THE DATA

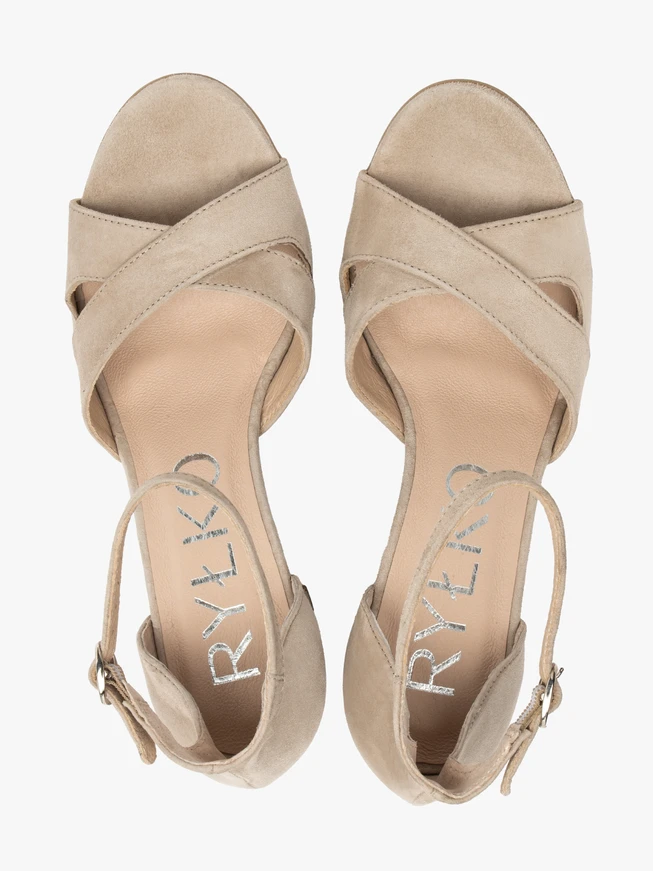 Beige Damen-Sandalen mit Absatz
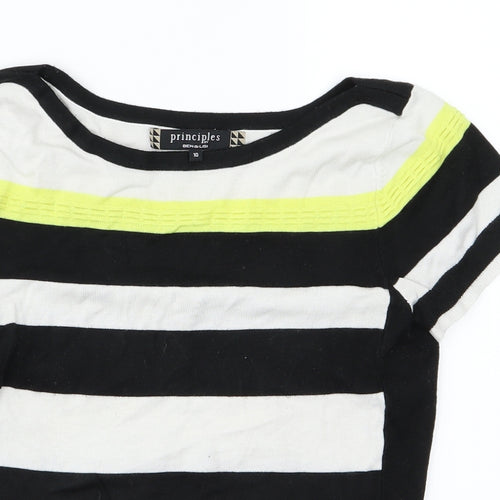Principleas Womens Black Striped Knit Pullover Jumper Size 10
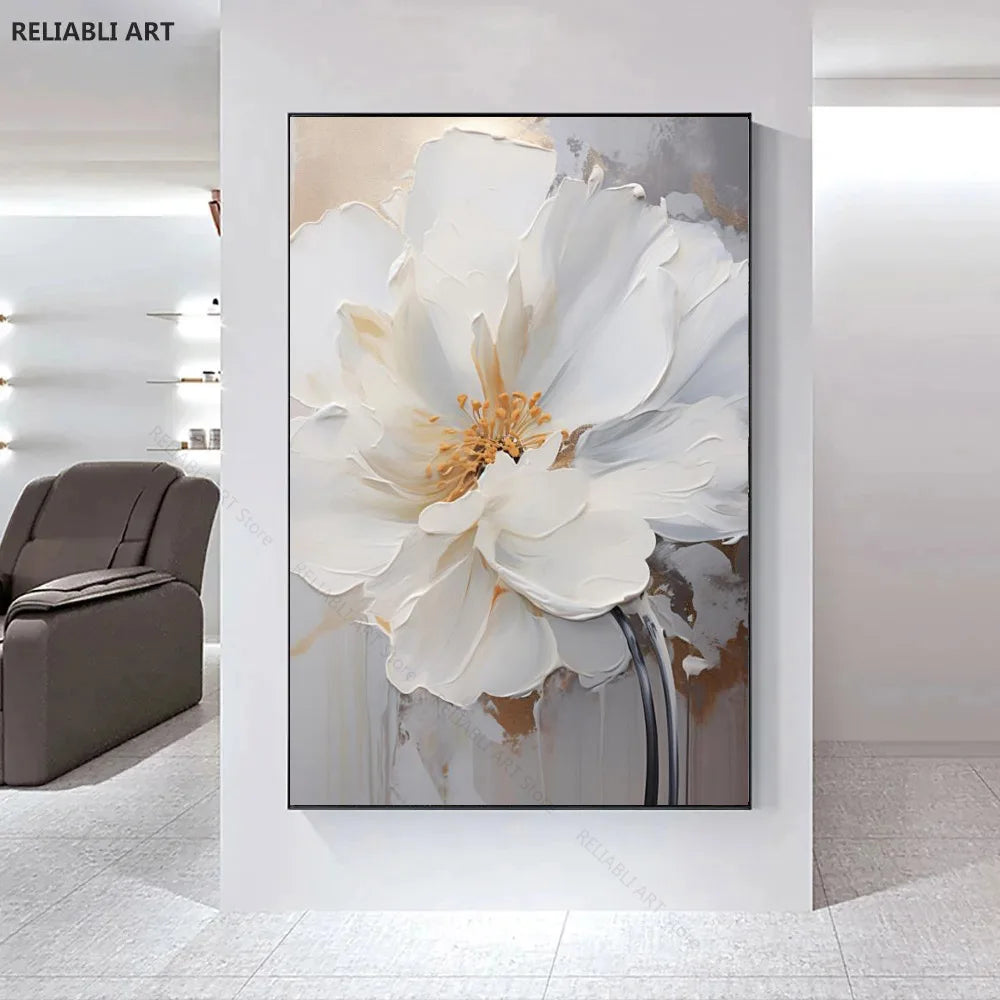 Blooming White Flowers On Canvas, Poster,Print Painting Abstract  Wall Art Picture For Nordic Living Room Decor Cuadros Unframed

DESCRIPTION OF THE TASK
Write out everything in the data word for word. Omit each picture.

OUTPUT FOR THIS EXERCISE
 Beige Damen-Sandalen mit Absatz
Principleas Womens Black Striped Knit Pullover Jumper Size 10
 Blooming White Flowers On Canvas, Poster,Print Painting Abstract  Wall Art Picture For Nordic Living Room Decor Cuadros Unframed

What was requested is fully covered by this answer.